J’exprime évidemment mon amitié et ma solidarité au Général Diendéré, que le compagnonnage de la prison m’a appris à mieux connaître. Il en est de même pour le Général Djibril Bassolé, mon camarade et allié politique. Nos chemins continueront à se croiser et le temps n’est plus loin où nous gagnerons les élections, qui nous permettront de débarrasser le pays de la gouvernance calamiteuse qu’il subit actuellement.

J’ai compris que de nombreux burkinabè souhaitaient que ce procès ait lieu, afin de rompre avec le sentiment qu’ils avaient, à tort ou à raison, d’être soumis au règne de l’impunité, chaque fois que des faits répréhensibles touchaient au monde de la politique, ou à des affaires connexes.
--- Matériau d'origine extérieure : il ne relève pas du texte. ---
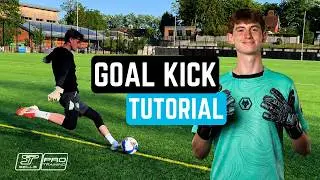 Goalkick Tutorial | Xander Grieves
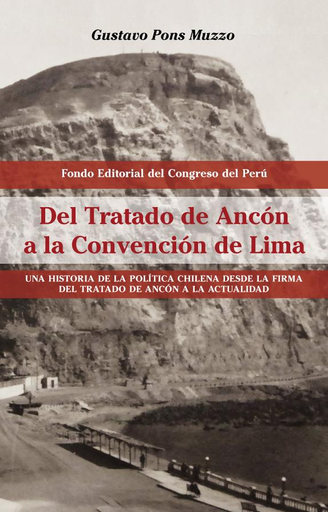 [9786124329104] DEL TRATADO DE ANCÓN A LA CONVENCIÓN DE LIMA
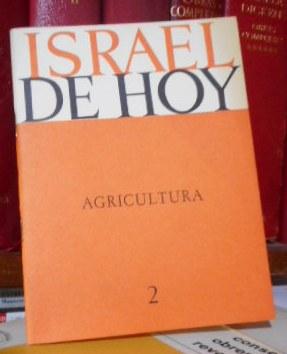 ISRAEL DE HOY nº 2 - AGRICULTURA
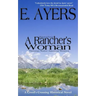Historical Fiction: A Rancher's Woman - Victorian Native American Western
Peut-être que ce procès permettra de mettre à jour une partie de la vérité sur la crise politique et militaire que le pays a connu en Septembre 2015, sur les circonstances dans lesquelles les vraies victimes de ces évènements ont subi des sévices, parfois d’une extrême gravité. Il laissera dans l’ombre ce qui s’est passé en 2014 et je doute que la vérité soit jamais révélée sur cette autre page sombre de l’Histoire du Burkina.

Ce sont mes opinions et mon action politiques, pourtant licites, qui me valent d’être traduit devant ce tribunal. Alors je vais conclure, en parlant, en tant qu’homme politique de ce qui me semble être la prochaine étape du règlement des crises de 2014 et 2015, à savoir : la réconciliation des burkinabè.

Autant vous le dire tout de suite, je n’attends pas du régime du MPP qu’il réalise la réconciliation. Toutes les déclarations que les dirigeants actuels ont faites à ce sujet montrent que cela ne les intéresse pas. Ils n’en comprennent pas la nécessité. Ils ne semblent obnubilés que par la perpétuation de leur maintien au pouvoir. Pour eux, la réconciliation veut dire qu’ils vont faire condamner quelques-uns de leurs adversaires politiques, sans trop se soucier de savoir s’ils sont vraiment coupables des faits dont on les accuse. L’essentiel est de désigner des boucs émissaires pour plaire à ceux qui veulent assouvir une vengeance politique aveugle. Après, au moment qui conviendra à son bon vouloir, le Président du Faso manifestera sa mansuétude en prononçant des mesures de grâce, sans doute accompagnées de quelques remontrances paternalistes. La question de la réconciliation est plus sérieuse que cela.

Nous avons cependant un motif d’espoir. Dans deux ans il y aura des élections présidentielles et notre pays aura enfin une chance exceptionnelle de réaliser une véritable alternance de sa gouvernance. J’ai de bonnes raisons de penser que l’opposition gagnera ces élections, tant la déception à l’égard de la gestion du régime en place est grande et générale. Quel que soit le candidat de l’opposition qui remportera ces élections (et nous ne manquons pas de personnalités à la hauteur de ce défi), elles ouvriront la voie à un renouveau de la vie démocratique et de la gestion des affaires publiques dans notre pays.

Alors, nous serons en mesure d’amorcer une véritable réconciliation entre les burkinabè, avec l’ambition de solder définitivement tous les vieux contentieux, toutes les haines recuites qui empoisonnent depuis trop longtemps la vie de notre communauté nationale. Ce pardon mutuel s’appliquera également aux gens qui ont brûlé les maisons de leurs concitoyens, ainsi que des édifices publics.

Comme de nombreux burkinabè, j’espère que nous mettrons fin ainsi au cycle des vengeances et des règlements de comptes. Se pardonner mutuellement n’est pas un signe de faiblesse, de volonté d’amnésie sur des évènements douloureux. C’est simplement le meilleur moyen de conjurer les divisions, les tensions, les crispations qui minent la cohésion nationale.

Afin que notre pays puisse enfin ouvrir une nouvelle page de sa construction et se consacrer pleinement aux urgences qui l’assaillent : la sécurité des populations burkinabè, la restauration de la souveraineté nationale et de l’intégrité du territoire, le rétablissement d’une économie dynamique, qui offre de vrais espoirs d’une vie meilleure à notre jeunesse. Pour cela nous aurons besoin que les burkinabè vivent en paix, retrouvent le sens de la fraternité, se sentent à nouveau solidaires et fiers d’affronter ensemble les défis du futur ».